No additional data structures proportional to input size are allocated, so the space complexity remains constant.
Test Cases
from typing import List
class Solution:
def minTimeToVisitAllPoints(self, points: List[List[int]]) -> int:
total_time = 0
for i in range(1, len(points)):
x1, y1 = points[i - 1]
x2, y2 = points[i]
dx = abs(x2 - x1)
dy = abs(y2 - y1)
total_time += max(dx, dy)
return total_time
sol = Solution()
assert sol.minTimeToVisitAllPoints([[1,1],[3,4],[-1,0]]) == 7
# Provided example with mixed movement
assert sol.minTimeToVisitAllPoints([[3,2],[-2,2]]) == 5
# Pure horizontal movement
assert sol.minTimeToVisitAllPoints([[0,0]]) == 0
# Single point requires no movement
assert sol.minTimeToVisitAllPoints([[0,0],[0,5]]) == 5
# Pure vertical movement
assert sol.minTimeToVisitAllPoints([[0,0],[5,5]]) == 5
# Pure diagonal movement
assert sol.minTimeToVisitAllPoints([[1,1],[1,1]]) == 0
# Identical consecutive points
assert sol.minTimeToVisitAllPoints([[-1,-1],[-4,-5]]) == 4
# Negative coordinates
assert sol.minTimeToVisitAllPoints([[0,0],[1,2],[3,6]]) == 6
# Multiple segments with different movement patterns
assert sol.minTimeToVisitAllPoints([[1000,1000],[-1000,-1000]]) == 2000
# Large coordinate differences
| Test | Why |
|---|---|
[[1,1],[3,4],[-1,0]] |
Validates mixed diagonal and straight movement |
[[3,2],[-2,2]] |
Validates horizontal-only movement |
[[0,0]] |
Validates single-point edge case |
[[0,0],[0,5]] |
Validates vertical-only movement |
[[0,0],[5,5]] |
Validates perfect diagonal movement |
[[1,1],[1,1]] |
Validates zero-distance movement |
[[-1,-1],[-4,-5]] |
Validates handling of negative coordinates |
[[0,0],[1,2],[3,6]] |
Validates cumulative multi-segment traversal |
[[1000,1000],[-1000,-1000]] |
Validates large coordinate ranges |
Edge Cases
One important edge case is when the input contains only a single point. Since there is nowhere to move, the minimum required time is 0. A buggy implementation might incorrectly attempt to access a nonexistent previous point or assume at least one movement segment exists. This implementation handles the case naturally because the loop starts at index 1, so no iterations occur.
Another important case is when two consecutive points are identical.
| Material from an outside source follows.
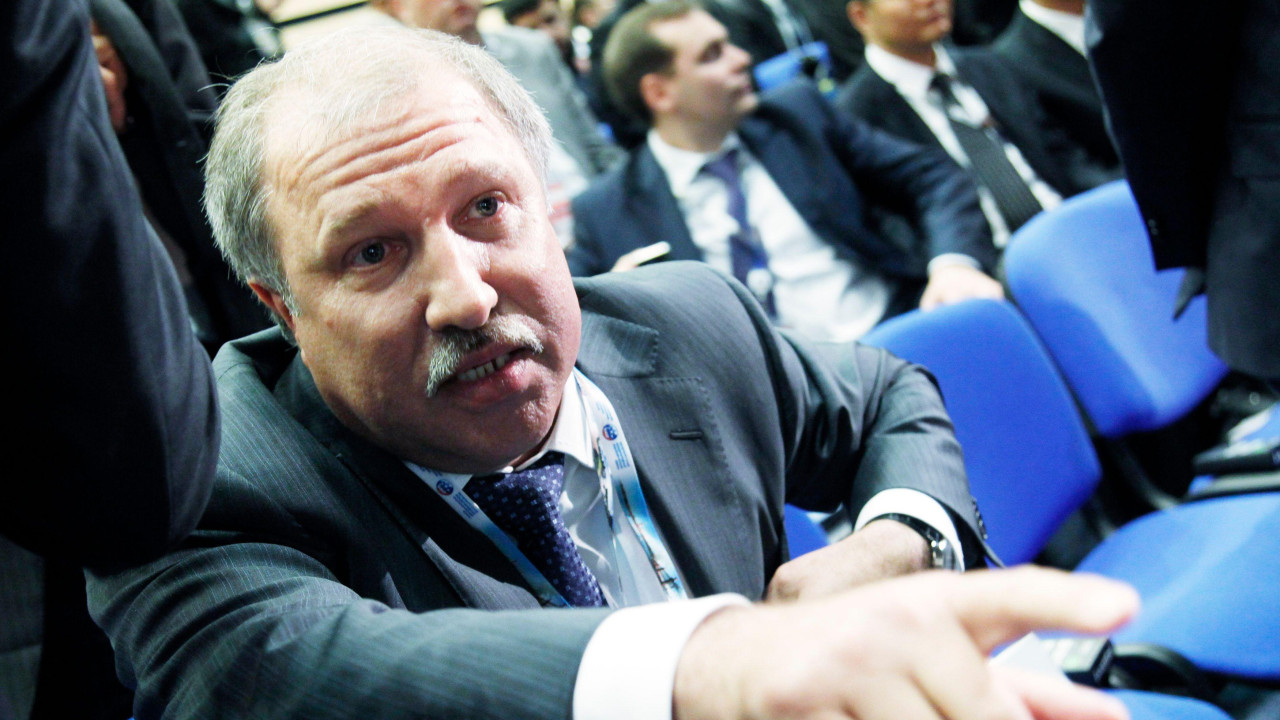 Eduard Hudainatov, predsednik naftne kompanije Rosnjeft, prisustvuje Međunarodnom ekonomskom forumu u Sankt Peterburgu (SPIEF) 17. juna 2011. godine. Pokazuje na nešto iza kamere dok sedi na plavim konferencijskim stolicama. Delimično je ćelav, ima sedu kosu i sede brkove i nosi sivo odelo. Ostali delegati sede iza njega.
For example, moving from (2,2) to (2,2) requires zero seconds. Some implementations might incorrectly add one movement step or mishandle zero differences. Here, both dx and dy become 0, so max(dx, dy) is also 0.
A third important edge case occurs when movement is purely horizontal or purely vertical. For example, moving from (0,0) to (0,5) allows no diagonal movement because the x coordinate is already aligned. The formula still works correctly because the maximum difference equals the number of required straight moves.
Negative coordinates are another potential source of bugs. Since the solution always uses absolute differences, coordinate signs do not matter. Moving from (-3,-2) to (1,4) is handled exactly the same way as movement between positive coordinates.